IBEW Local 58 Registrar
- HOW DID YOU GET INTO THE TRADE?
Jeannette first applied in 1999 after her dad suggested she go into the trades. She did not pass the math requirements on the test, even though she was an honors student in high school where she went to a college prep high school. In January 2001, she applied again, in February she took her test, in April she had her interview. During this waiting period she was really getting burned out working in retail and quit her retail job the first week in June, and on June 26th she got the call from IBEW!! She made it into the program!
2. WAS THERE SOMEONE WHO INFLUENCED YOU IN THE TRADE?

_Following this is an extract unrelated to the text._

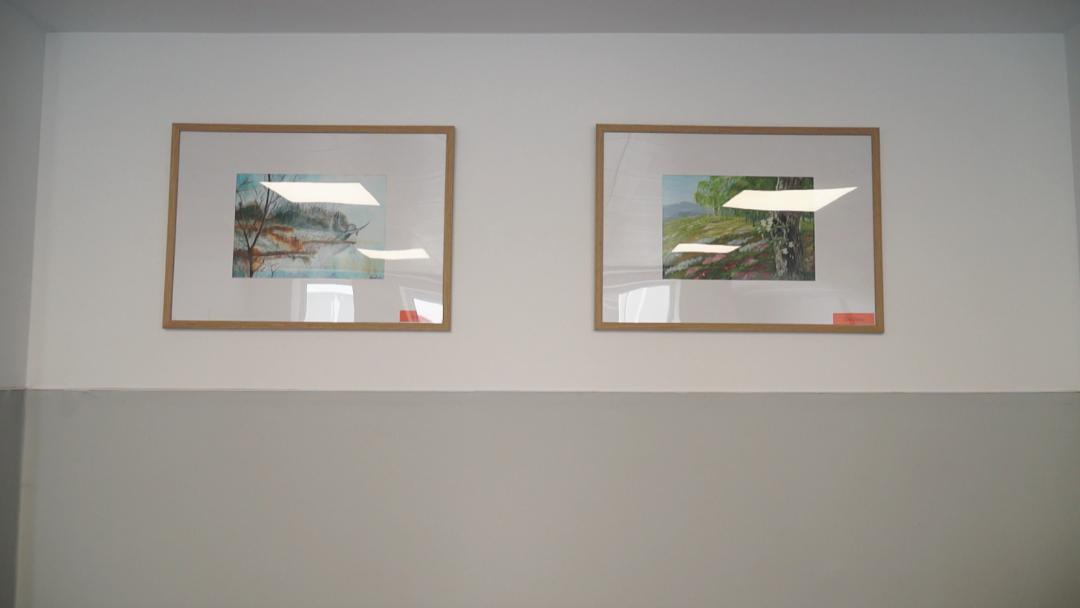 Galerie foto - Poza #2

Jeannette’s mom and dad were both influential. Her dad was a carpenter by trade, and her mom worked for Mobile Oil for the corporate owned stations, where she trained franchise Mobile gas stations. Her father told her, “You need to have a skill no one can take away.” These words of wisdom have stuck with her ever since. Her grandfather was also in the union and was a home builder.
3. WHAT SHE DID BEFORE THE TRADE, SCHOOL?
Jeannette was a retail manager while attending Wayne State University for one year. She wanted to be a geologist, but she knew school was just not working out so she decided to join the Navy in 1995 and did go through boot camp but did not make it. She met a Marine, got married in 1997 and moved out of state, was divorced and returned to Michigan.
Jeannette’s life experiences working, college, Navy then marriage and divorce set the stage and shaped how she handled getting into the IBEW at 27 years old in 2001. She was now more mature and knew where she needed to focus. Once she got into the Trades she found so much self-confidence.
4. WHAT ARE SOME OF THE PLACES YOU’VE WORKED?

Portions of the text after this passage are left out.